Algunos de los problemas se originan por la deficiente técnica le-gislativa de la Ley General de Transparencia. La visión política que prevaleció durante su elaboración hizo de ella más una “ley reglamentaria” que una “ley general”. La Suprema Corte había advertido de esta tentación cuando en una tesis de jurisprudencia de 2010 señaló que si bien las leyes generales podían establecer una plataforma mínima, era necesario que las leyes locales tuvieran su propio ámbito de regulación específico porque “si no fuera así, las leyes locales en las materias concurrentes no tendrían razón de ser, pues se limitarían a repetir lo establecido por el legislador federal” (SJF, Pleno, Tomo XXXI, Febrero de 2010).
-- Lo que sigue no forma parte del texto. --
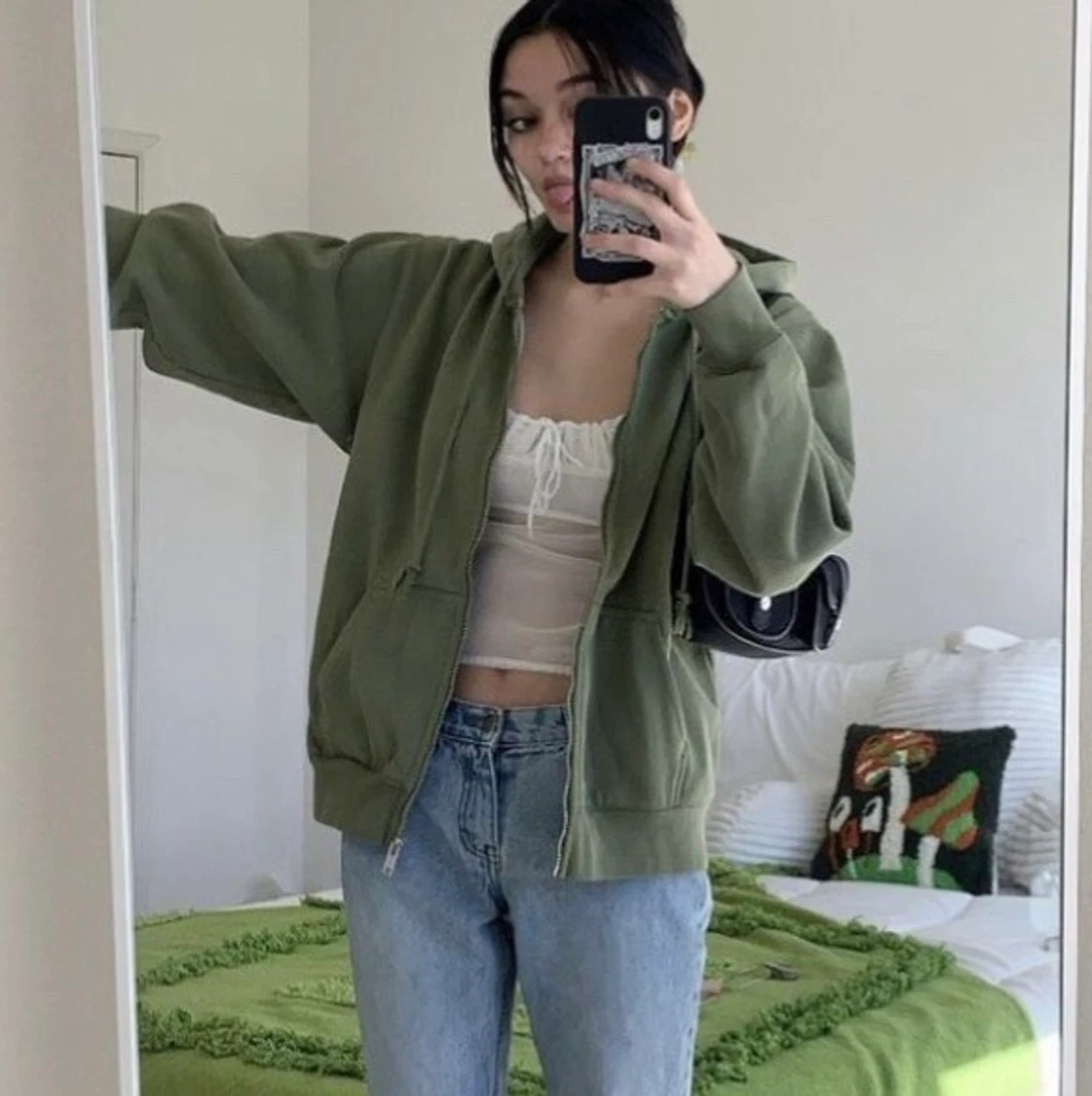 Grön brandy Melville zip up hoodie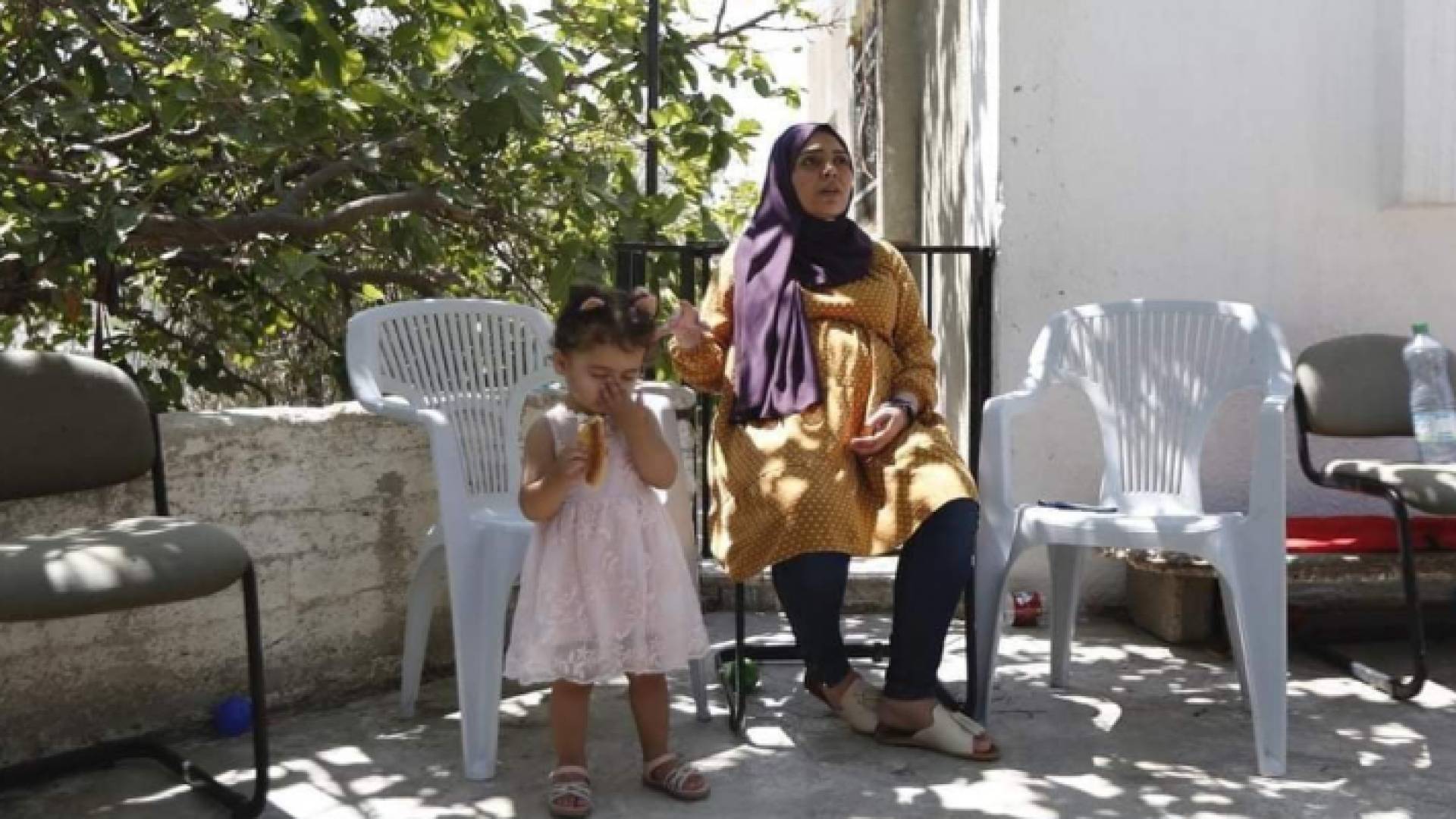 الأسيرة المحررة وابنتها في منزلها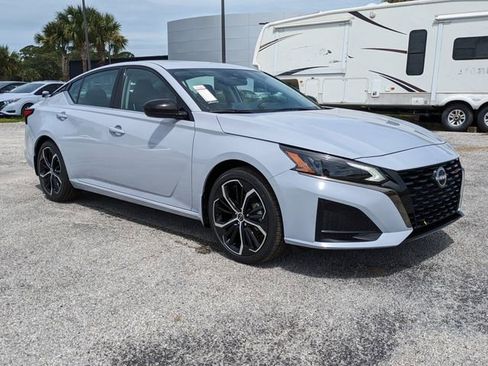 New 2025 Nissan Altima 2.5 SR w/ SR Premium Package image 2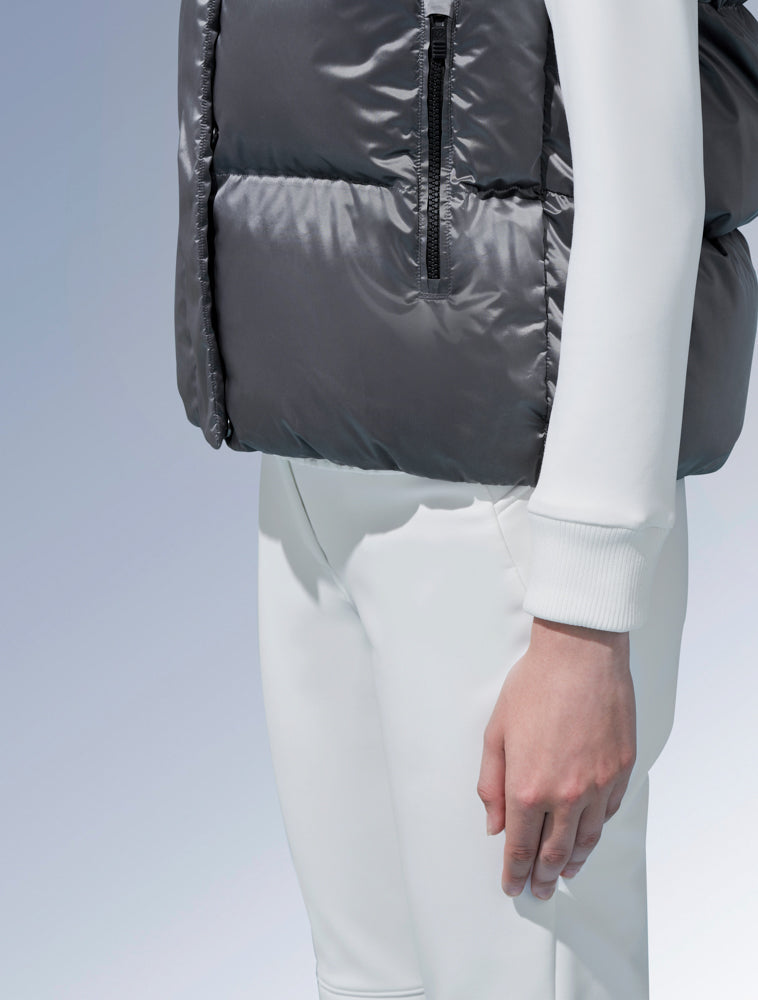 Paula Sleeveless Jacket Women | BOTËGHES LAGAZOI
Consecuencia necesaria de ese diseño, una buena parte de la Ley Federal de Transparencia es una repetición verbatim o con ligeras modificaciones de la ley general. El Congreso que dice dos veces lo mismo. El escaso margen de maniobra legislativo se utilizó para amplificar ciertos problemas, y muy poco o nada para asegurar una buena implementación de la ley. Hay muchos temas, me limito a destacar algunos.
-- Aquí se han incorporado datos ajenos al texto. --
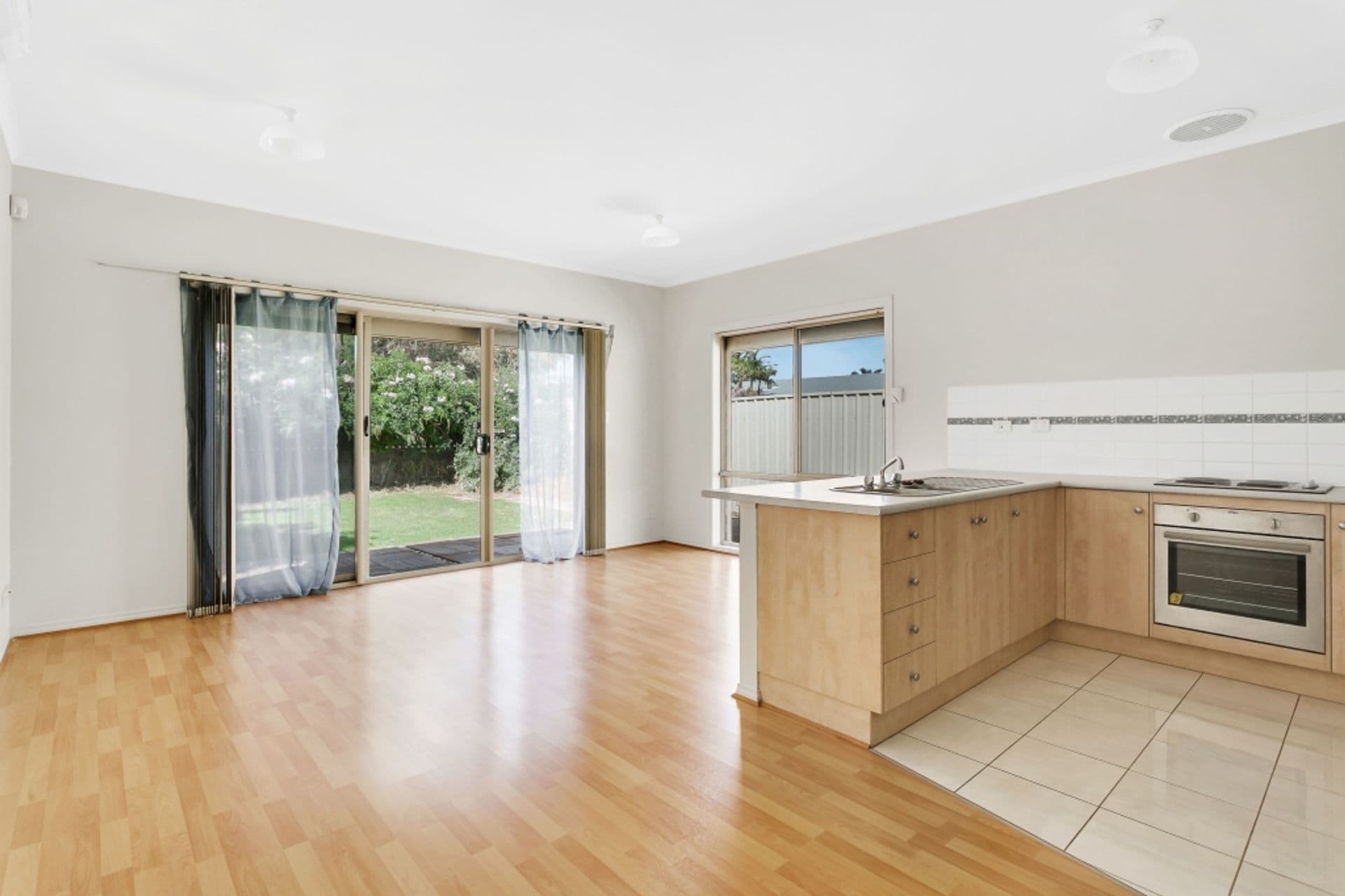 2 Culley Street, Aldinga Beach, SA, 5173, Aldinga Beach - Thumbnail 2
La ley de transparencia vigente contiene un catálogo de 17 obligaciones de transparencia, cuyo cabal cumplimiento se ha revelado complejo. La Ley General amplió ese catálogo a 48 obligaciones para todos los sujetos obligados más otras específicas. La nueva ley federal ¡lo extiende a más de 250! Sin duda es indispensable ampliar la información pública, pero resulta un grave error suponer que se trata de un mero procedimiento burocrático. Tenemos que reconocer que el proceso de sistematizar y divulgar la información es complejo y no una mera cuestión de voluntad. Requiere rediseñar procesos, generar rutinas, desarrollar capacidades e invertir en infraestructura tecnológica, todo esto en un entorno de astringencia presupuestal. Un análisis de viabilidad y costo-beneficio permitiría trazar a través de un régimen transitorio un horizonte razonable de cumplimiento. En cambio, prevalece la ilusión que basta expedir normas para transformar la realidad.

Peor aún, la ley parte del supuesto que los incumplimientos derivan de la mera voluntad de los servidores públicos y por ello establece un draconiano régimen de sanciones individuales. Otro error. En vez de privilegiar incentivos, cooperación y responsabilidad institucional se usa el garrote como instrumento, y se olvida que otra reforma constitucional posterior obligará a modificar la lógica de las responsabilidades administrativas. El Congreso olvida sus propias decisiones.

Otro aspecto crucial es a quién corresponde reglamentar la ley para asegurar su implementación en el ámbito administrativo. Esta cuestión queda ambigua, sin resolverse, y abre la puerta para conflictos que a nadie ayudarán. Creo que el Inai no cuenta constitucionalmente con esta facultad y por ello la solución es dejar que cada Poder y los órganos autónomos dispongan de ella. Es cierto una cuestión debatible, pero que amerita reflexión y decisión explícita.

He sostenido que para tener un mejor Estado de derecho necesitamos leyes bien diseñadas, flexibles, con progresividad y diseños institucionales adecuados. Cada problema tiene soluciones técnicas si privilegiamos resultado sobre deseos. Ojalá haya tiempo para rectificar.